What does a LEED-certified Starbucks drive-through in Overland Park, KS, an office building in Providence, RI and a biomass conversion facility in Goodfield, IL all have in common? They were all built using repurposed cargo containers as their main building material. Yes those corrugated steel boxes you see stacked at shipyards, zipping past on a train when you’re stopped at railroad crossings or cruising beside you on the highway carrying goods from all over the world are finding a second life being recycled into all types of buildings. This building trend, coined cargotecture, has been used to build everything from restaurants and retail stores to single-family homes to dormitories and hotels.
Using cargo containers as building blocks is a great green solution for repurposing these giant steel boxes into something else once they’ve outlived their usefulness to ship goods across the world which is typically 10 to 15 years. When a cargo container reaches the end of its lifecycle it is no longer structurally sound enough to have up to seven other containers loaded with hundreds of thousands of pounds of cargo stacked on top of it but more than strong enough to serve as a building material. Because these containers are often made of Corten, a weathering steel alloy, it is costly to melt them down and recycle them into building materials like steel beams and columns. Some of the benefits cited for using include their strength, durability, mobility and affordability.
Strength & Durability
Cargo containers are constructed of steel and designed to carry loads upwards of 60,000 lbs. depending on their size and longer containers can weigh over 10,000 lbs. at their tare weight. Because of their rugged construction and structural strength they are virtually hurricane-proof and earthquake-proof. Because the Corten used to manufacture the cargo containers is a weathering steel it creates a regenerative protective layer when it oxidizes that prevents it from further corrosion to withstand the elements.
Because the containers are intended to be able to ship cargo virtually anywhere they can easily be transported by ship, truck or rail and are ideal for transport to any building site. When used as building blocks they are typically stacked and welded together. This means that the building can eventually be disassembled, relocated and erected again should the need arise. This is the case with the Keetwonen student housing city in Amsterdam that is scheduled to be relocated in 2016. New York City is pursuing cargo container apartments as a source of temporary housing for disaster relief with a prototype being developed for their Office of Emergency Management. Mobility is one of the key reasons cities like Oklahoma City, OK and High Point, NC are considering proposals that would set a collection of retails stores, restaurants and offices made of cargo containers on empty parking lots or undeveloped sites. The intention is to promote new business growth and revitalize prominent locations until more permanent solutions can be found.
Depending on location and availability, cargo containers can be purchased and delivered for a relatively low price. Keep in mind that all other construction costs associated with conventional construction will remain like electrical, interior finishes, plumbing, insulation, etc. This is in addition to the costs to stack, cut and weld together the reconfigured containers. If only a few containers are being used it might not be any more cost effective than a traditional building. I would imagine that the more containers used in a building would result in greater cost reductions due to price per container and overall labor costs. The Travelodge in Uxbridge, UK built in 2010 was constructed using 86 containers and boasted a 70 percent reduction in on-site waste, cost $750,000 less and was constructed 40 – 60 percent faster than a hotel of the same size using conventional building materials and methods. It should be noted that each container was up-fitted with all plumbing, electrical and bathroom fixtures at a factory in China before being shipped to the site in London to be configured and assembled into a hotel.

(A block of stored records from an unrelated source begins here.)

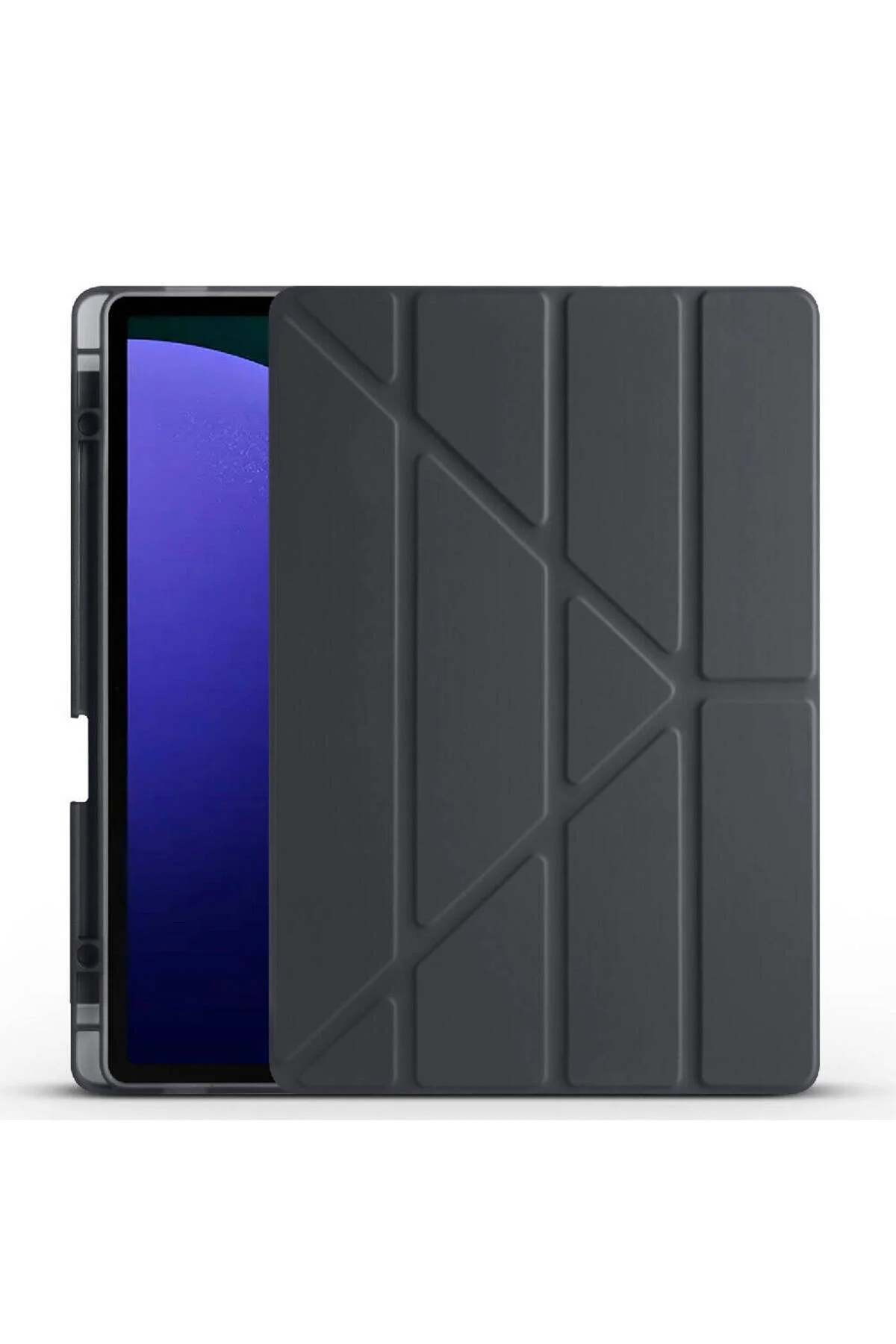 کاور تبلت قاب سازگار GALAXY S10 PLUS 12.4 اینچی با پایه قلم لمسی صفحه کلید و ماوس Yesnıce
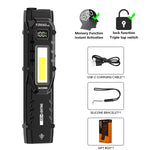 lampe torchon led rechargeable lumen blanc moderne compact clip uv intense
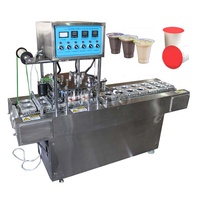 China Leverancier Waterbeker Vul-En Sluitmachine/Beker Sluitmachine Automatische/Beker Sluitmachine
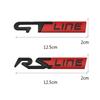 3D Metal GT RS LINE Rear Boot Side Emblem Sticker Decals for  Logan Clio Megane 2 3 4 Captur Twingo Duster Kadjar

The argument has been made that using cargo containers as building blocks can’t be considered a green alternative. The claim is that the paint used to coat the containers often contains toxic chemicals to protect them from corrosion from the elements and that the wooden floors are treated with pesticides that often contain arsenic and that stripping them away creates a ton of hazardous waste. But wouldn’t removing and properly disposing of the hazardous waste to make a container habitable be more eco-friendly than allowing the container to the elements where that same hazardous waste will be created when the paint begins to flake and peel and the insecticide-treated wood floors begin to rot and decompose? It’s also been noted that the plywood floors in many cargo containers are made from tropical hardwoods that aren’t responsibly harvested in a sustainable way. This appears to be an issue to take up against the cargo container manufacturers since the intended purpose of the timber was flooring for a shipping container and not as a building material. The whole green aspect of cargotecture is reusing and recycling a component as a building material that otherwise would be discarded after its initial lifecycle.
Cargotecture has been proven as a versatile building material in everything from temporary disaster relief housing to upscale apartments and condominiums that can bring a green element to a construction project while also helping to reduce on-site waste, construction costs and building times. While cargo containers are not the ideal building material for every construction job or location, no building material is, they have been proven to be a unique alternative when they can be properly utilized.